En 2017, il explique au grand patron de Cambridge Analytica, Alexander Nix, que ses services sont si efficaces que, pour gérer une situation de crise, un de ses clients a été "très heureux" de payer un million d'euros. Alexander Nix rejettera ses propositions. "Nous avons déjà notre propre société de production de médias", lui répond-il poliment, et "aucun de nos clients n'acceptera de payer entre 400 000 et 600 000 dollars par mois pour une gestion de crise".
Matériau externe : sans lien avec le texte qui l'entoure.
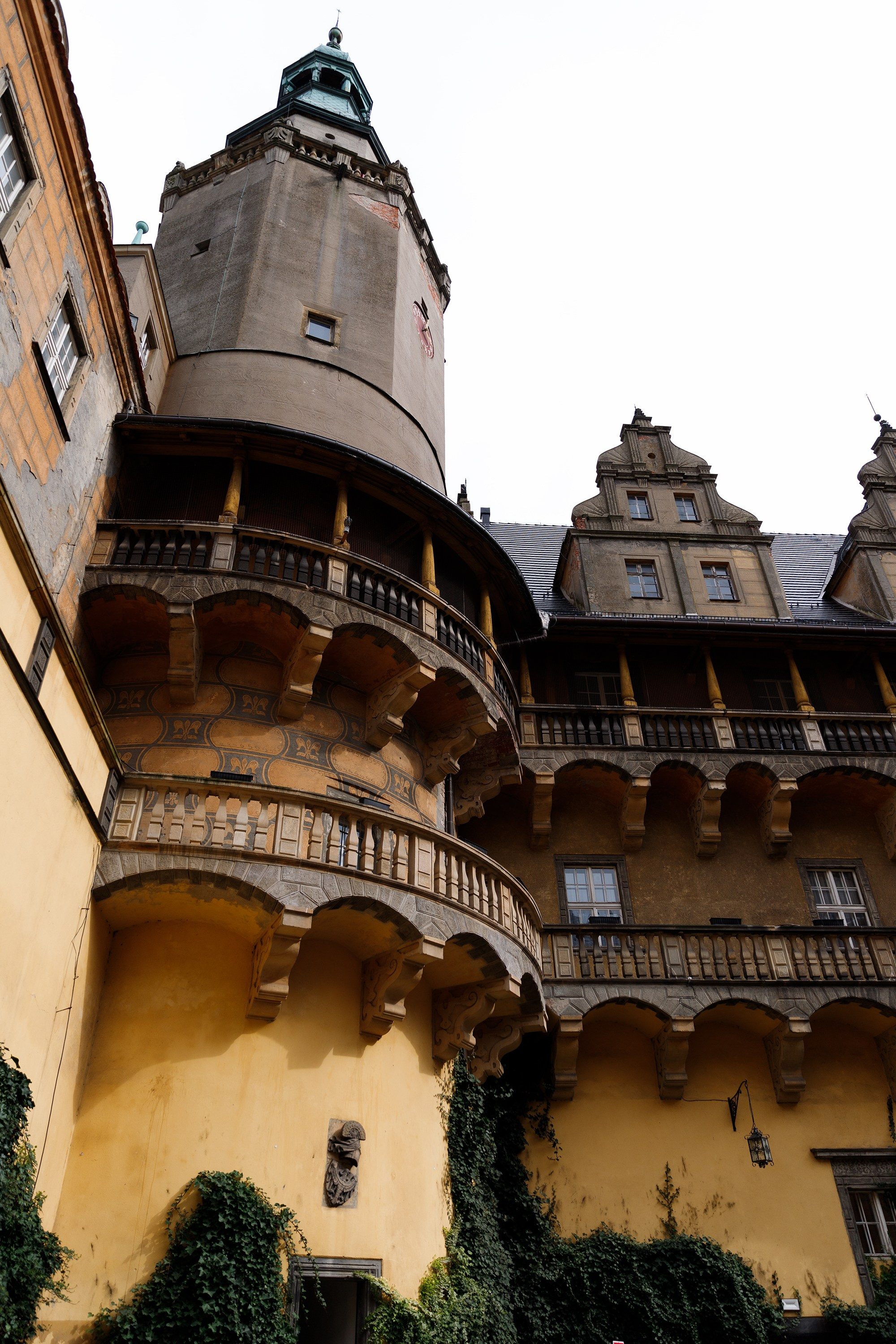 Oleśnica castle. Kaja | fotograf psów we Wrocławiu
Sollicité par Forbidden Stories, Tal Hanan n'a pas répondu à nos questions. Difficile de déroger à la culture du secret lorsque l'on travaille dans l'ombre. Ce secret est pourtant éventé. Selon Anat Ben David, professeure associée de communication à l'Université ouverte d'Israël, non seulement les révélations du projet "Story Killers" lèvent le voile sur les coulisses de la désinformation et ses nouveaux acteurs, mais elles mettent aussi en lumière les failles des réseaux sociaux : "Nous sentions bien, tous, que quelque chose n'allait pas. Nous analysions les profils sans rien pouvoir faire de plus. Mais avec cette investigation on voit enfin en temps réels comment les choses se passent." Et comment ces réseaux, faute de régulation, mais aussi parce qu'ils sont instrumentalisés par des officines malveillantes, permettent de manipuler l'opinion.